Sí, pero esta vez ella no tenía palabras.

Palabras…

—¿Qué ocurre? —Doria soltó sus manos y la miró, inquisitivo.

Farid seguía mirándolo, pero Meggie no le prestaba atención. Le dio a Doria un beso en la mejilla.

—Te lo agradezco —dijo ella, levantándose apresuradamente.

Como es lógico, él no entendió por qué le daba las gracias. Palabras. ¡Las palabras de Orfeo! ¿Cómo había podido olvidarlas?

Corrió por la hierba mojada hacia la tienda en la que dormían sus padres. «¡Papá se cabreará muchísimo!», pensó. ¡Pero vivirá! ¿No había relatado ella la continuación de esa historia más de una vez? Ya iba siendo hora de hacerlo de nuevo, aunque no terminase como quería su padre. Eso tendría que contarlo el Príncipe Negro. Ya encontraría él la manera de que todo saliese bien, incluso sin Arrendajo. Porque Arrendajo tenía que irse… antes de que su padre muriera con él.

Recio se había quedado dormido.

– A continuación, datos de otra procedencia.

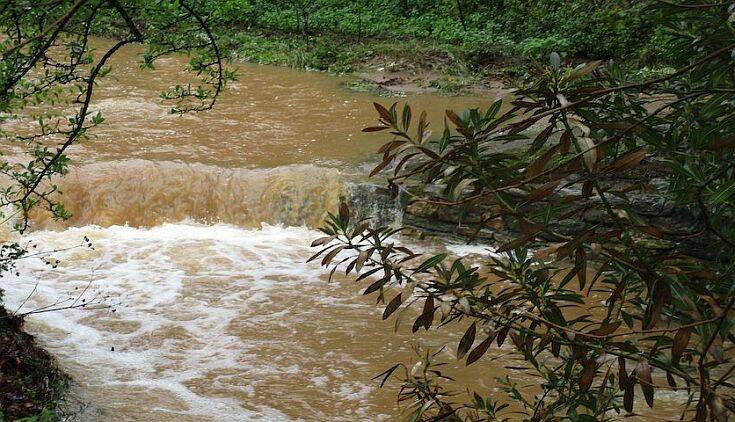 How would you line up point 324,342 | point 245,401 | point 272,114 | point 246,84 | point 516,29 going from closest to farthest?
point 245,401 → point 324,342 → point 272,114 → point 246,84 → point 516,29

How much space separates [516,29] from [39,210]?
35.4 ft

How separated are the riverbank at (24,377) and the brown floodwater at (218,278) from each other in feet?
0.79

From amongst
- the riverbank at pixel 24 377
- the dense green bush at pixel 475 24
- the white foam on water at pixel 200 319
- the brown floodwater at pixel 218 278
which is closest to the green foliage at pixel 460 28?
the dense green bush at pixel 475 24

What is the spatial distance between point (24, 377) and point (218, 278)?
329cm

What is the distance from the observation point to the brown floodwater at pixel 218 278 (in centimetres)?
524

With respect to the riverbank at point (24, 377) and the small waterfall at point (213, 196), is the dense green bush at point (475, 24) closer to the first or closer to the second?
the small waterfall at point (213, 196)

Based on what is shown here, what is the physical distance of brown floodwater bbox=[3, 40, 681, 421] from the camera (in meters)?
5.24

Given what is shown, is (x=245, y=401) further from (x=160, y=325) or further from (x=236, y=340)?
(x=160, y=325)

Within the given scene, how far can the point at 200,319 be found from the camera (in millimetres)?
6465

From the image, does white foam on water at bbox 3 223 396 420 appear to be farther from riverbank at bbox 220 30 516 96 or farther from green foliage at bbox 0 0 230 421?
riverbank at bbox 220 30 516 96

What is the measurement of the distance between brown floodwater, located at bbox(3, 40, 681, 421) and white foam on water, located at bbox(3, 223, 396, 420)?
2 cm

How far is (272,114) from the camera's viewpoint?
11.6m

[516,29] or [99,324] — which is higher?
[516,29]

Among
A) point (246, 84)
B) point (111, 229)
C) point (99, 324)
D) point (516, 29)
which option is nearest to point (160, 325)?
point (99, 324)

La cabeza se le había caído sobre el pecho y dejaba oír un leve ronquido cuando Meggie se deslizó a su lado.

Su madre estaba despierta. Había llorado.

—Tengo que hablar contigo —le susurró Meggie—. ¡Por favor!

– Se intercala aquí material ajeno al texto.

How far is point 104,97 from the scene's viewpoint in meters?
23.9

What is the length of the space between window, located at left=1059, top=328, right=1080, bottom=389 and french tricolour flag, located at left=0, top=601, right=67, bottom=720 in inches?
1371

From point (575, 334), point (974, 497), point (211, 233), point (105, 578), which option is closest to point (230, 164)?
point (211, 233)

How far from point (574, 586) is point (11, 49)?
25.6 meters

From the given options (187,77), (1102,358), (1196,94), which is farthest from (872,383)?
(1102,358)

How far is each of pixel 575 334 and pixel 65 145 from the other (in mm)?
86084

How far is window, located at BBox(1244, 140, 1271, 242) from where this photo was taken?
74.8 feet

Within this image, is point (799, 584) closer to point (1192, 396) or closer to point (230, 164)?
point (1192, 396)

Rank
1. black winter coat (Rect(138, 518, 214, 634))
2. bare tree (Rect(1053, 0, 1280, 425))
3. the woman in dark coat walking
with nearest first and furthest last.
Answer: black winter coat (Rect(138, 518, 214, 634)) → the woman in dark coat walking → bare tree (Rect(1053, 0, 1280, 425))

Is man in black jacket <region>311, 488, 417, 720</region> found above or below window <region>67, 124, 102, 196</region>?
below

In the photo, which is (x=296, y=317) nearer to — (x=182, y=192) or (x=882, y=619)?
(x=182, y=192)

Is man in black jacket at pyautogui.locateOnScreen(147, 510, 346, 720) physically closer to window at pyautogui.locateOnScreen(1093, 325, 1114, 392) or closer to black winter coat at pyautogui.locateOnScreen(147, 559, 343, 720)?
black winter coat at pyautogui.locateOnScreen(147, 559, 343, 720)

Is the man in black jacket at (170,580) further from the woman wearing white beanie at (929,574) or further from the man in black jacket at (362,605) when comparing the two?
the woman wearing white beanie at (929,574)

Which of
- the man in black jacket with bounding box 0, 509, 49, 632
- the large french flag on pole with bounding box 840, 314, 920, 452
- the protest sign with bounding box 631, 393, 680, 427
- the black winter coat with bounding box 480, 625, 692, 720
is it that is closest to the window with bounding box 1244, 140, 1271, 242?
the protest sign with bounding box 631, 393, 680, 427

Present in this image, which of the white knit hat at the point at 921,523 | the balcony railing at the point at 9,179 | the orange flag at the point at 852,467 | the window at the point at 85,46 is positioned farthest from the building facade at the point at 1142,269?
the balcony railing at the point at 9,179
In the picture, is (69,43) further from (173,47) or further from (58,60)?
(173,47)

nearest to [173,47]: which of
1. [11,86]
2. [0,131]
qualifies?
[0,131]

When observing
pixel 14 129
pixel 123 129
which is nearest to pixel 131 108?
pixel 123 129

Mo estaba profundamente dormido. Resa lanzó una mirada a su marido y luego siguió a su hija al exterior. Todavía no hablaban mucho entre ellas. Sin embargo, Meggie se disponía a hacer exactamente aquello por lo que su madre había cabalgado en secreto a Umbra.

—Si es por lo de mañana —Resa le cogió la mano—, no se lo cuentes a nadie, pero iré a Umbra, lo quiera tu padre o no. Al menos deseo estar cerca de él cuando entre a caballo en el castillo…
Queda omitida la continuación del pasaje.